Information about the author:
Michiko Komiya
Michiko Komiya, PhD in Philology, Assistant Professor, The University of Tokyo, 7-3-1 Hongo, Bunkyo-ku, 1130033 Tokyo, Japan.
ORCID ID: https://orcid.org/0009-0007-3341-6175
E-mail:
Abstract:
Focusing on the creations of the poet V. Mayakovsky, this paper examines his involvement with the “art of life construction” — the banner of the Left Front of the Arts (LEF), a Russian avant-garde group.
The slogan “art of life construction” was proposed by N. Chuzhak in the first issue of the group’s journal, “LEF”, published in 1923, and was primarily concerned with fine arts. What form the construction of life would take in literature remained unresolved.
When “LEF” was first published, agitation poetry (agitki) was gaining momentum as a literary genre. In his search of the group’s forthcoming literature, Mayakovsky was likely inclined toward agitation poetry.
However, the intended readership for Mayakovsky’s poems in the journal differed from the one of the typical agitation poems. While the agitki’s target readership was the less intellectually advanced masses, Mayakovsky’s poems in the journal were not pure agitki in terms of their weak mass character.

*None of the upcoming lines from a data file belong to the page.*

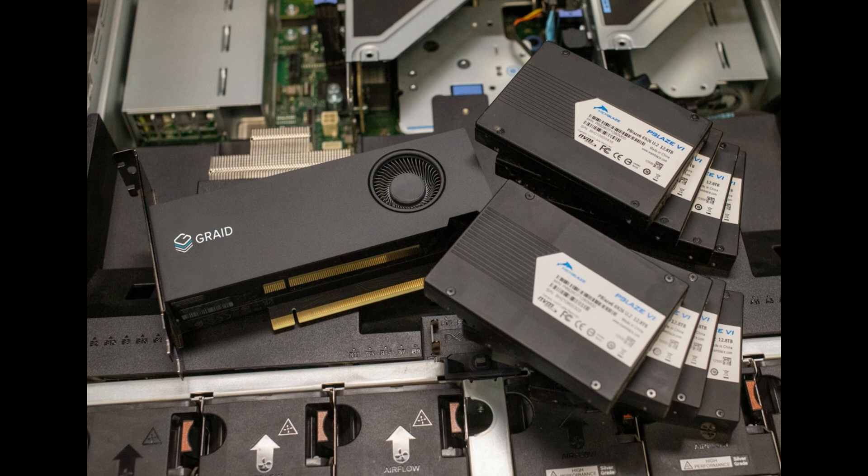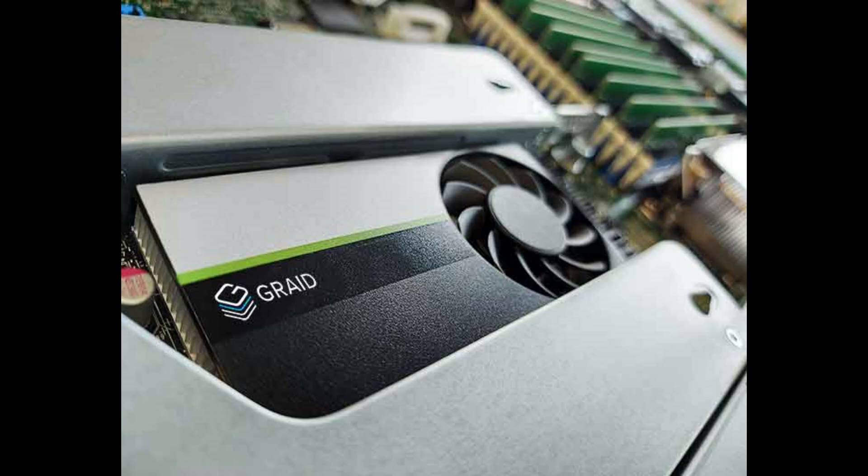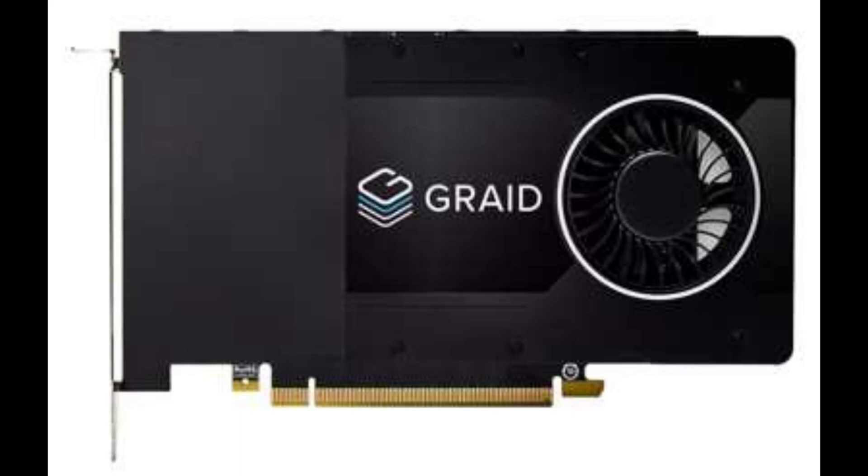Hello, tech enthusiasts! Today we're diving into a groundbreaking storage solution that's making waves in the industry. Graid Supremorate is pushing the boundaries of storage speeds by harnessing the power of your GPU for virtual super-fast SSD performance. However, there's a catch — it's currently not compatible with Intel and AMD tech. Let's explore the details of this innovative storage startup.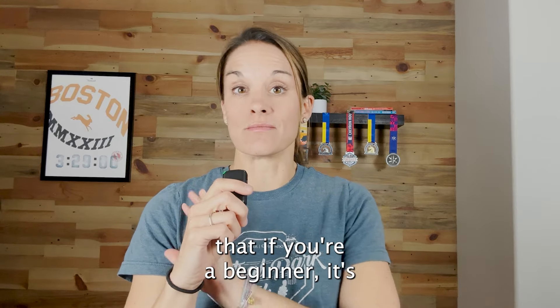Key one: volume is most important. Out of anything else that you can do in marathon training, it will be getting the volume that you need to have a great race, have a resilient, strong, and durable body, and be able to withstand the miles that are going to come at you in your race.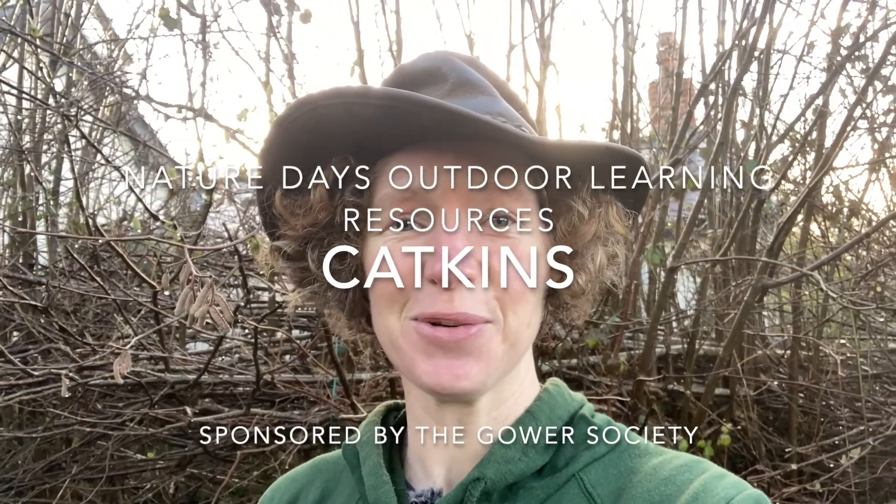Hello and welcome to Nature Day's Outdoor Learning Resources, sponsored by the Gow Society. My challenge for you today is to find some catkins. These are flowers of the trees, and the trees that have got flowers out at the moment are trying to beat the rush after the leaves come out. These ones are wind pollinated, which means if the leaves were in the way, the wind would just blow the pollen onto the leaves.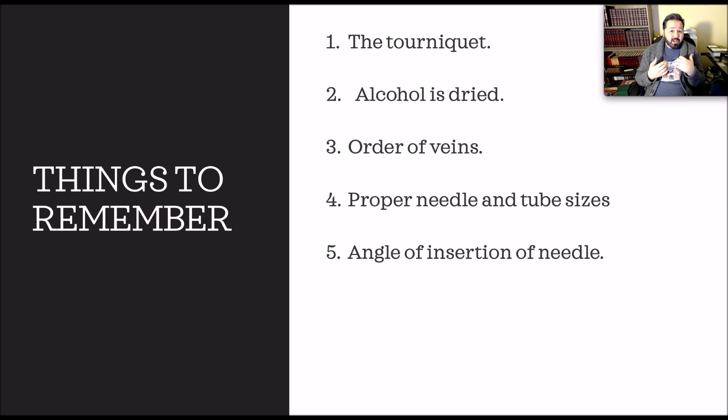Next is angle of insertion. Our angle is always 15 to 30 degrees when doing the antecubital fossa area. We don't go over 30 degrees and we don't go below 15. Anything over 30 degrees is against CLSI standards and we can cause more harm — we can go through the vein, puncture an artery, damage a nerve, and most likely collapse the vein and cause a hematoma. For the back of the hand, we go 5 to 10 degrees. That's textbook.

After 1927, Mayakovsky frequently expressed concern about the LEF’s divergence from the masses. The workers and peasants that Mayakovsky had tried to lead under his ideals in the immediate post-revolutionary period, ten years after the revolution, had gone in a different direction than he had intended. Furthermore, the poet was about to lose command over the literature of the group. The “art of life construction” was realized as a documentary prose, “literature of fact.” In the process, Mayakovsky’s agitki had served its time.